Mosca (MOS-kah), the Gadfly, Volpone's malicious and witty parasite. Acting as the chief instrument of Volpone's trickery and the frequent instigator of additional pranks, he keeps the plot moving. Under cover of tormenting Volpone's victims, he often engages in annoying Volpone himself, almost always with impunity. His tantalizing of Volpone with sensuous descriptions of Celia sets in train the events that finally destroy both his master and himself. A master improviser of deceit and pranks, he becomes in love with his dear self, underestimates his master, and falls victim to his own overconfidence and greed. He whines and curses as he is dragged away to punishment.
Voltore (vohl-TOH-ray), the Vulture, an advocate. A ruthless and voracious scavenger seeking the spoils of the dead, he yearns for Volpone's wealth. He is willing to connive whenever gain is apparent. A dangerous man when thwarted, he helps Volpone achieve acquittal in his first trial; then, tormented beyond endurance by Mosca, who pretends that Volpone is dead and has left Voltore nothing, the lawyer reverses himself and causes the collapse of Volpone's plans.

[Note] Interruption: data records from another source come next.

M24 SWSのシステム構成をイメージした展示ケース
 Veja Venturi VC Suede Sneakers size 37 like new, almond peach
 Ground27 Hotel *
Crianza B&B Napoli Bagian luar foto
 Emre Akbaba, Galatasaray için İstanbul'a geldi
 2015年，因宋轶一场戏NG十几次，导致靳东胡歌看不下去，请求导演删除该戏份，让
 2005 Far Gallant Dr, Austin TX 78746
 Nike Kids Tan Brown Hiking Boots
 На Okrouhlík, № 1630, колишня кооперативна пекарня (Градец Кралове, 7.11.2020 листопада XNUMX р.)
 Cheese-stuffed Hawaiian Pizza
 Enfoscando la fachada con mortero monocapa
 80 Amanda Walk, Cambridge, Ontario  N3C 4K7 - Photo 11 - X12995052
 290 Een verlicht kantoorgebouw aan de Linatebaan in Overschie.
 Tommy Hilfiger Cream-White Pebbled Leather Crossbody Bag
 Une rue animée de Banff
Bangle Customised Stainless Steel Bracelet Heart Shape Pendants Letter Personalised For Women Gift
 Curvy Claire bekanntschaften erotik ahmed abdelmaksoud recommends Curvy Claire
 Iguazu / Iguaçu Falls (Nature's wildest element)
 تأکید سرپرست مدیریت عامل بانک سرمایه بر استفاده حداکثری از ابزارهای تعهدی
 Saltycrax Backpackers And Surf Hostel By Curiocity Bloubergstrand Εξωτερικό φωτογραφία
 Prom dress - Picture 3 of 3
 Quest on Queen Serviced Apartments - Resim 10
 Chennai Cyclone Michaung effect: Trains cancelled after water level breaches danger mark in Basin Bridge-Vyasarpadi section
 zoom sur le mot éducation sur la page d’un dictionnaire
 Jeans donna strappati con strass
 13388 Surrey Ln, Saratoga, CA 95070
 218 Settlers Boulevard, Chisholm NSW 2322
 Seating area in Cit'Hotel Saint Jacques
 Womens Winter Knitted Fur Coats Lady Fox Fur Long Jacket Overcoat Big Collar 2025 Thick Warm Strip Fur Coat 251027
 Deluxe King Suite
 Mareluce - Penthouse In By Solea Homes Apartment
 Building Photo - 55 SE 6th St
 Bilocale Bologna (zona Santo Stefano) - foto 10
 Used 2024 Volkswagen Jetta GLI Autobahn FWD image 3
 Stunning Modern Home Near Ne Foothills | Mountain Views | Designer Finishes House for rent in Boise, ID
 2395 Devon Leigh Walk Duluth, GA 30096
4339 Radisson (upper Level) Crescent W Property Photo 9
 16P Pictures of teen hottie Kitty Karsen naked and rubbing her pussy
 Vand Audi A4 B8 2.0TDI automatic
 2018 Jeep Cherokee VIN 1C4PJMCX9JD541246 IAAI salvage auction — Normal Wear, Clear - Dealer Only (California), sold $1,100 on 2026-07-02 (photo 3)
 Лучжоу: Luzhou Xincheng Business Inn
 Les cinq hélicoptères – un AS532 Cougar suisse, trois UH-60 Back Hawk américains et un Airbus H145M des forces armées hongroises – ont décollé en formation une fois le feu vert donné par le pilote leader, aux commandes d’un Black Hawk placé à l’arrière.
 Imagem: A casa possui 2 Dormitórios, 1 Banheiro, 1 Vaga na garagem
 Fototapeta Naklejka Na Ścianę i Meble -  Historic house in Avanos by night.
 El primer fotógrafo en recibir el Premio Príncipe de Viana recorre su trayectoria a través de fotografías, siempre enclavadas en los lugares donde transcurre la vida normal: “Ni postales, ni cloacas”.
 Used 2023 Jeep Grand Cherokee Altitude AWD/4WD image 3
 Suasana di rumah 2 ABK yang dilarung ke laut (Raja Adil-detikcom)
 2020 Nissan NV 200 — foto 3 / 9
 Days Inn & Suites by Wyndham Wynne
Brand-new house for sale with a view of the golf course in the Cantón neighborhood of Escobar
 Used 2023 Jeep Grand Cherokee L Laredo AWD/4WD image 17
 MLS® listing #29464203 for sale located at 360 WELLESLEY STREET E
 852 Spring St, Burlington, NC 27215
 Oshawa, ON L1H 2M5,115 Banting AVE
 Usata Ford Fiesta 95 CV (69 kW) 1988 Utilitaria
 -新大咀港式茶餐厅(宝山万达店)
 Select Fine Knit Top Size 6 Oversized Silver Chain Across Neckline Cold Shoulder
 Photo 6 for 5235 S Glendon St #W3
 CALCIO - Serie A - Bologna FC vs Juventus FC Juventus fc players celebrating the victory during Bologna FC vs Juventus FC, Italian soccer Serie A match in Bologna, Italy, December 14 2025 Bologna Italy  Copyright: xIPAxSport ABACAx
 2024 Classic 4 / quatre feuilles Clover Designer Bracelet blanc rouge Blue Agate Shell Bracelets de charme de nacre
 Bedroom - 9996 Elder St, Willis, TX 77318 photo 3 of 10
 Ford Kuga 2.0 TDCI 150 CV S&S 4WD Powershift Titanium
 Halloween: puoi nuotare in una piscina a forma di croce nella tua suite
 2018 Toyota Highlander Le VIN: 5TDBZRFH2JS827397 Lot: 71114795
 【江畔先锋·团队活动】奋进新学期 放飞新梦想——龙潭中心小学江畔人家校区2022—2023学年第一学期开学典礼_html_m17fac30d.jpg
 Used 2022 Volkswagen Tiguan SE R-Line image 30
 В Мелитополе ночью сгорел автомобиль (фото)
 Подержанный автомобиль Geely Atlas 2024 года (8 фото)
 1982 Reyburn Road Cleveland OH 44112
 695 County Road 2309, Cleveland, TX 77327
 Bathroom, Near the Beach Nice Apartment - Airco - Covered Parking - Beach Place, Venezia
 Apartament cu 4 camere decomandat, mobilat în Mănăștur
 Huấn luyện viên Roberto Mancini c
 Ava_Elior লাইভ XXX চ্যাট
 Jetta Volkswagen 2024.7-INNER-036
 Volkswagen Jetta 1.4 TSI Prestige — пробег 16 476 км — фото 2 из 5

Corbaccio (kohr-BAH-chee-oh), the Raven, an aged miser, feeble, deaf, and pathologically greedy. He is willing to risk his son's inheritance to have Volpone exchange wills with him. He is also willing to have Mosca administer poison in Volpone's sleeping draft to hasten the validation of the will.
Corvino (kohr-VEE-noh), the Crow, the merchant husband of Celia. Mean-spirited, cowardly, and insanely jealous of his beautiful wife, he is the most repulsive of Volpone's victims. His greed is sufficient to counteract his jealousy, and he is willing to leave his wife in Volpone's hands to assure his future as Volpone's heir.
Celia (SEEL-yuh), Corvino's virtuous wife. Cursed with a repulsive and pathologically jealous husband, the heavenly Celia faces her slander and perils with noble fortitude.
Bonario (boh-NAH-ree-oh), the good son of Corbaccio. He is the savior of Celia when she is helpless in Volpone's clutches.
Lady Politic Would-Be, a parrot-voiced, shallow-brained Englishwoman. She grates on Volpone's sensibilities so much that he is willing to lose the financial gains she thrusts on him. At any price, he wishes to be rid of “my madam with the everlasting voice.” Her unreasonable jealousy makes her a gullible tool when Mosca accuses her husband of having an affair with Celia; her resulting false testimony saves Volpone and convicts Celia and Bonario at the first trial.
Sir Politic Would-Be, a gullible, naïve traveler. Eager to be thought a member of the inner circle of state knowledge, Sir Pol has a sinister explanation for even the most commonplace actions. He furnishes the picture of the ridiculous English tourist on the Continent.
Peregrine (PEH-reh-green), a sophisticated traveler. He finds amusement, mixed with contempt, in the credulities and foibles of Sir Pol.
Androgyno (ahn-DROHJ-eh-noh), a hermaphrodite, Castrone (kah-STROH-neh), a eunuch, and Nano (NAH-noh), a dwarf, household freaks kept by Volpone for amusement.
Avocatori (ah-VOH-kah-TOH-ree), the four judges. The ambition of the fourth, to marry his daughter to Mosca, stirs Volpone to make his confession, which saves Bonario and Celia and brings punishment on the evildoers.